How to complete this task - Please print every record below exactly as it appears, but leave out the pictures.

The records -
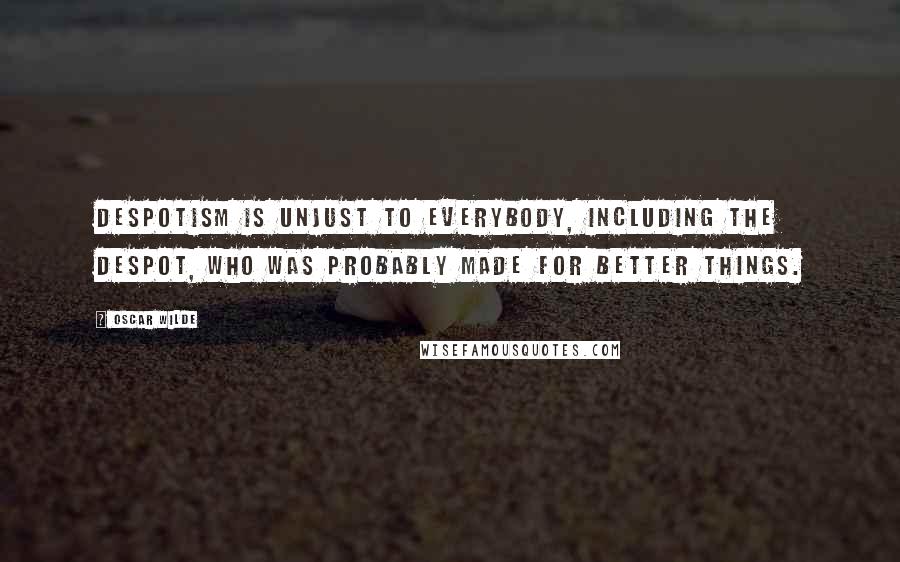 Oscar Wilde Quotes: Despotism is unjust to everybody, including the despot, who was probably made for better things.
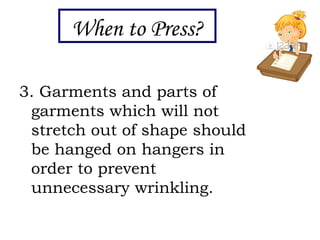3. Garments and parts of
garments which will not
stretch out of shape should
be hanged on hangers in
order to prevent
unnecessary wrinkling.
When to Press?
 
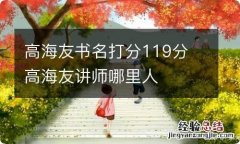 高海友书名打分119分 高海友讲师哪里人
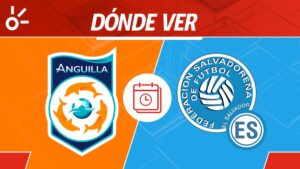 Anguila vs El Salvador en vivo: Horario y dónde mirar el partido de Eliminatorias Concacaf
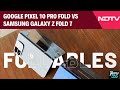 Google Pixel 10 Pro Fold vs Samsung Galaxy Z Fold 7: Which Foldable Stands Out in 2025? | Tech360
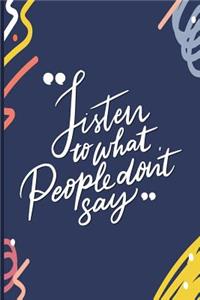 Listen to What People Don't Say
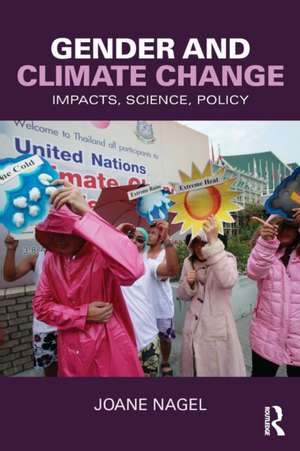 Gender and Climate Change: Impacts, Science, Policy de Joane Nagel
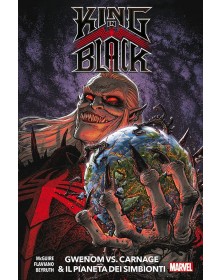 King In Black Presenta: Gwenom VS Carnage e il pianeta dei simbionti
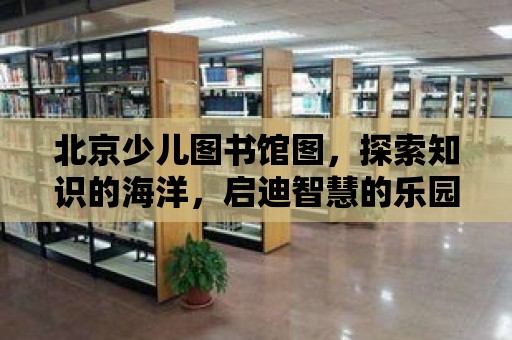 北京少兒圖書館圖，探索知識的海洋，啟迪智慧的樂園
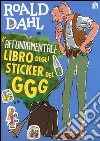 L'affondamentale libro degli sticker del GGG. Ediz. a colori libro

Exercise response -
 Oscar Wilde Quotes: Despotism is unjust to everybody, including the despot, who was probably made for better things.
3. Garments and parts of
garments which will not
stretch out of shape should
be hanged on hangers in
order to prevent
unnecessary wrinkling.
When to Press?
 
 高海友书名打分119分 高海友讲师哪里人
 Anguila vs El Salvador en vivo: Horario y dónde mirar el partido de Eliminatorias Concacaf
 Google Pixel 10 Pro Fold vs Samsung Galaxy Z Fold 7: Which Foldable Stands Out in 2025? | Tech360
 Listen to What People Don't Say
 Gender and Climate Change: Impacts, Science, Policy de Joane Nagel
 King In Black Presenta: Gwenom VS Carnage e il pianeta dei simbionti
 北京少兒圖書館圖，探索知識的海洋，啟迪智慧的樂園
 L'affondamentale libro degli sticker del GGG. Ediz. a colori libro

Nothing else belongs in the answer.